» **WORK ITEM**:
Starting with the first line below, reproduce each line exactly until you have included the one bearing "Puppia Soft Harness".

[Short web captions]

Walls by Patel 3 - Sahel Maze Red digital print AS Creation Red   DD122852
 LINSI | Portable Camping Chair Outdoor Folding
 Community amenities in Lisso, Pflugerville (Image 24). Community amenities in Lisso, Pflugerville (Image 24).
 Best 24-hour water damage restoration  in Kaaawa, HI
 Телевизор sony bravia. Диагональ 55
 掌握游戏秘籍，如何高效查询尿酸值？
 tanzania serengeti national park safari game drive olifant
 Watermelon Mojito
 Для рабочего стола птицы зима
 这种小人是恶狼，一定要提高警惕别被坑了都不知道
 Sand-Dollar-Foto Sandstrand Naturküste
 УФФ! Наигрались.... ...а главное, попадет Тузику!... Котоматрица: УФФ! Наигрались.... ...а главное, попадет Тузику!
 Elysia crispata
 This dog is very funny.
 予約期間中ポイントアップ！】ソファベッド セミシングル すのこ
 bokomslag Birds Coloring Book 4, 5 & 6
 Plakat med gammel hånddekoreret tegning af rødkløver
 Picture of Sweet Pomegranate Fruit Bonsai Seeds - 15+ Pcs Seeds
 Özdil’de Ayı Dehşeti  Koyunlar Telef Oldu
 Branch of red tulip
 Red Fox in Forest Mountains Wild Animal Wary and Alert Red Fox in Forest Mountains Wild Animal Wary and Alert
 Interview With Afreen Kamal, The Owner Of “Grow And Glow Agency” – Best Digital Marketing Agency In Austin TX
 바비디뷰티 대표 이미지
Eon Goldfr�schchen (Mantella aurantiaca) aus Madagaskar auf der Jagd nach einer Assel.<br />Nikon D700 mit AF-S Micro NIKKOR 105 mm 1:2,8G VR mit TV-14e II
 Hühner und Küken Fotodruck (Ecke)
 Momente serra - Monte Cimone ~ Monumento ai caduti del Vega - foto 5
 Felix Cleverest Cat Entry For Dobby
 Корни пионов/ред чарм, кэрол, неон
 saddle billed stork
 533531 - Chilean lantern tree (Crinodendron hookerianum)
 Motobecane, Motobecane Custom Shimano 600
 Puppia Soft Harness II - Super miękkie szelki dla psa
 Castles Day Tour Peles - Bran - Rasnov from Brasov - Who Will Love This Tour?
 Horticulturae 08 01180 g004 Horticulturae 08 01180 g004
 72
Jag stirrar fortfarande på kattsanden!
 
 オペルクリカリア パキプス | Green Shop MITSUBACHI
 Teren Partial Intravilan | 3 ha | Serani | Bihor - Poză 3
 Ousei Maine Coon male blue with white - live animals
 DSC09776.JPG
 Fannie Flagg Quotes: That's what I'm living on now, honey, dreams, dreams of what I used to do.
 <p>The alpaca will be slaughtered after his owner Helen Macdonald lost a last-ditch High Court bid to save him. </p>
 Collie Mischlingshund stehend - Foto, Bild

» **WRITTEN REPLY**:
Walls by Patel 3 - Sahel Maze Red digital print AS Creation Red   DD122852
 LINSI | Portable Camping Chair Outdoor Folding
 Community amenities in Lisso, Pflugerville (Image 24). Community amenities in Lisso, Pflugerville (Image 24).
 Best 24-hour water damage restoration  in Kaaawa, HI
 Телевизор sony bravia. Диагональ 55
 掌握游戏秘籍，如何高效查询尿酸值？
 tanzania serengeti national park safari game drive olifant
 Watermelon Mojito
 Для рабочего стола птицы зима
 这种小人是恶狼，一定要提高警惕别被坑了都不知道
 Sand-Dollar-Foto Sandstrand Naturküste
 УФФ! Наигрались.... ...а главное, попадет Тузику!... Котоматрица: УФФ! Наигрались.... ...а главное, попадет Тузику!
 Elysia crispata
 This dog is very funny.
 予約期間中ポイントアップ！】ソファベッド セミシングル すのこ
 bokomslag Birds Coloring Book 4, 5 & 6
 Plakat med gammel hånddekoreret tegning af rødkløver
 Picture of Sweet Pomegranate Fruit Bonsai Seeds - 15+ Pcs Seeds
 Özdil’de Ayı Dehşeti  Koyunlar Telef Oldu
 Branch of red tulip
 Red Fox in Forest Mountains Wild Animal Wary and Alert Red Fox in Forest Mountains Wild Animal Wary and Alert
 Interview With Afreen Kamal, The Owner Of “Grow And Glow Agency” – Best Digital Marketing Agency In Austin TX
 바비디뷰티 대표 이미지
Eon Goldfr�schchen (Mantella aurantiaca) aus Madagaskar auf der Jagd nach einer Assel.<br />Nikon D700 mit AF-S Micro NIKKOR 105 mm 1:2,8G VR mit TV-14e II
 Hühner und Küken Fotodruck (Ecke)
 Momente serra - Monte Cimone ~ Monumento ai caduti del Vega - foto 5
 Felix Cleverest Cat Entry For Dobby
 Корни пионов/ред чарм, кэрол, неон
 saddle billed stork
 533531 - Chilean lantern tree (Crinodendron hookerianum)
 Motobecane, Motobecane Custom Shimano 600
 Puppia Soft Harness II - Super miękkie szelki dla psa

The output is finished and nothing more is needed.